Archived-At: <https://mailarchive.ietf.org/arch/msg/lsr/AXCau5DLlAkZnm3pGeec2KsZPcE>
Subject: Re: [Lsr] Questions on draft-white-lsr-distoptflood
X-BeenThere: lsr@ietf.org
X-Mailman-Version: 2.1.39
Precedence: list
List-Id: Link State Routing Working Group <lsr.ietf.org>
List-Unsubscribe: <https://www.ietf.org/mailman/options/lsr>, <mailto:lsr-request@ietf.org?subject=unsubscribe>
List-Archive: <https://mailarchive.ietf.org/arch/browse/lsr/>
List-Post: <mailto:lsr@ietf.org>
List-Help: <mailto:lsr-request@ietf.org?subject=help>
List-Subscribe: <https://www.ietf.org/mailman/listinfo/lsr>, <mailto:lsr-request@ietf.org?subject=subscribe>
X-List-Received-Date: Mon, 28 Nov 2022 18:27:59 -0000

On Mon, Nov 28, 2022 at 9:39 AM Les Ginsberg (ginsberg) <ginsberg@cisco.com>
wrote:

> Tony –
>
>
>
> In the interest of brevity, I am not going to respond in detail to each of
> your points.

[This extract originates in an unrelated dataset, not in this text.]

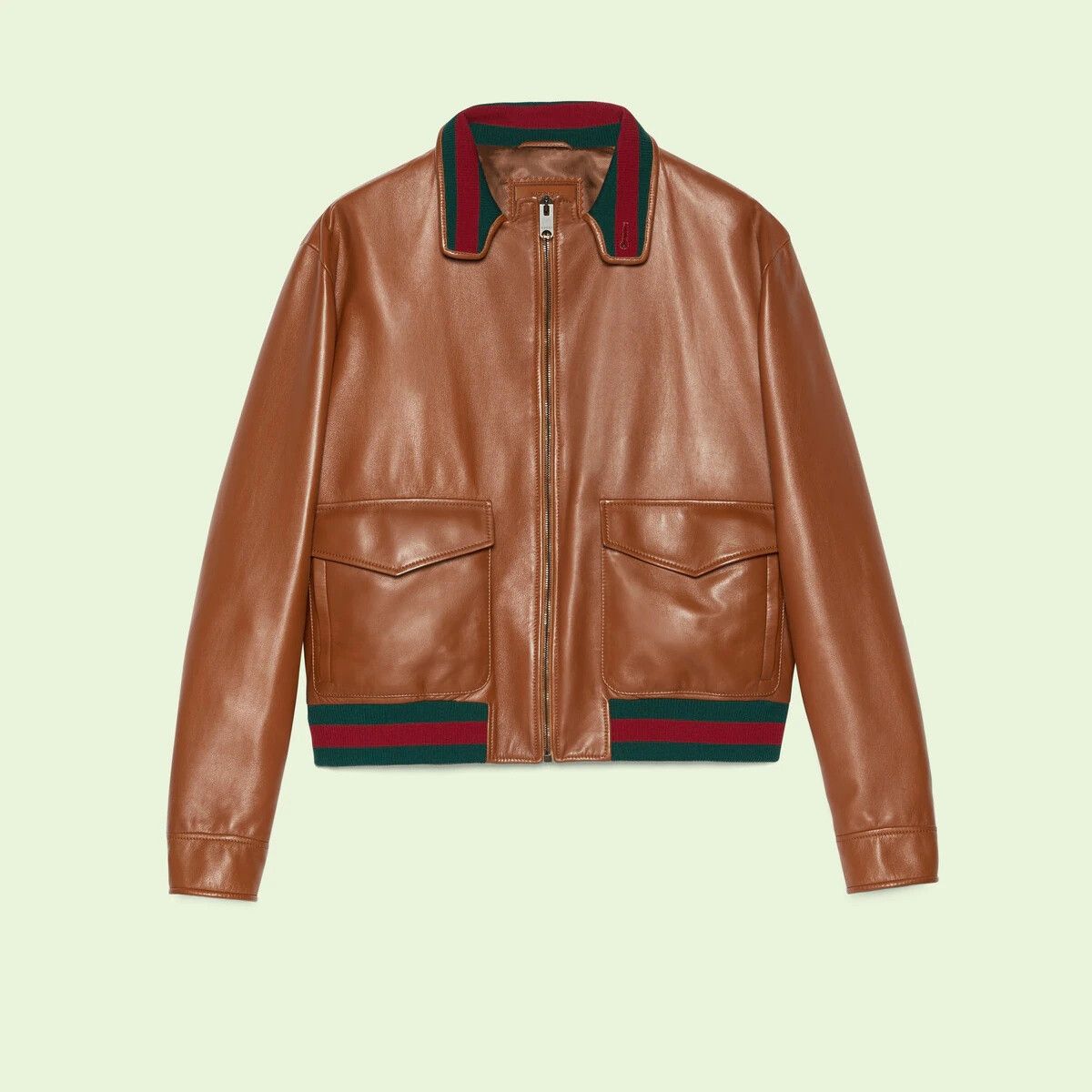 Gucci o1s1wg110725 Leather Bomber Jacket in Brown Size US XL / EU 56 / 4 - 1 Thumbnail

My reply focuses on two things.
>

okey, thanks, point 1) answered in other meail.

>
> ...
>
>
>
> The mechanisms proposed in draft-ietf-lsr-dynamic-flooding are analogous
> to what is used for DIS election and (more recently) for selecting the
> winning FAD for a given flex-algo. Given the significant deployment of
> flex-algo and the long history of DIS election, I am surprised at the
> degree of concern you have for the use of these mechanisms.
>

well, DIS is on a single LAN, not network wide so you can break a single
LAN.  I stay out the FAD discussion given how fresh the stuff is ;-) Plus,
a broken FAD would break a FAD (or in other one topology flavor/parts of
network AFAIR), a broken flood reduction would brck the whole network.


>
>
> 2)Regarding the use of PSNPs…you propose to send a PSNP (once apparently)
> which has the LSP entries for all the LSPs which you chose NOT to flood to
> a given node (minus any LSPs for which you may have received an explicit
> ack) in the most recent time interval - suggested to be one second.
>

ack


> What will happen when you send this? Let’s use a simple example where one
> LSP was selectively flooded – call it A.00-01(Seq #100).
>
> NOTE: This example assumes a P2P circuit.
>
>
>
> a)Neighbor receives the PSNP, already has A.00-01(Seq #100) in its LSPDB –
> no action taken. All is good.
>
> b)Neighbor receives the PSNP, does not have A.00-1(Seq #100) in its LSPDB
> – sends a PSNP back to the originator requesting that the LSP be flooded.
> At this point I assume normal flooding procedures apply i.e., SRM flag is
> set, causing the LSP to be flooded, and I assume SRM remains set until the
> LSP is acknowledged.
>
> All is good – but the additional flooding is likely to be redundant as the
> node which had the responsibility for sending this LSP to your neighbor
> should be doing so reliably.
>

yepp. During normal flooding it should be minuscule overhead. During heavy
flooding we batch PSNP, about as good as we can do AFAIS.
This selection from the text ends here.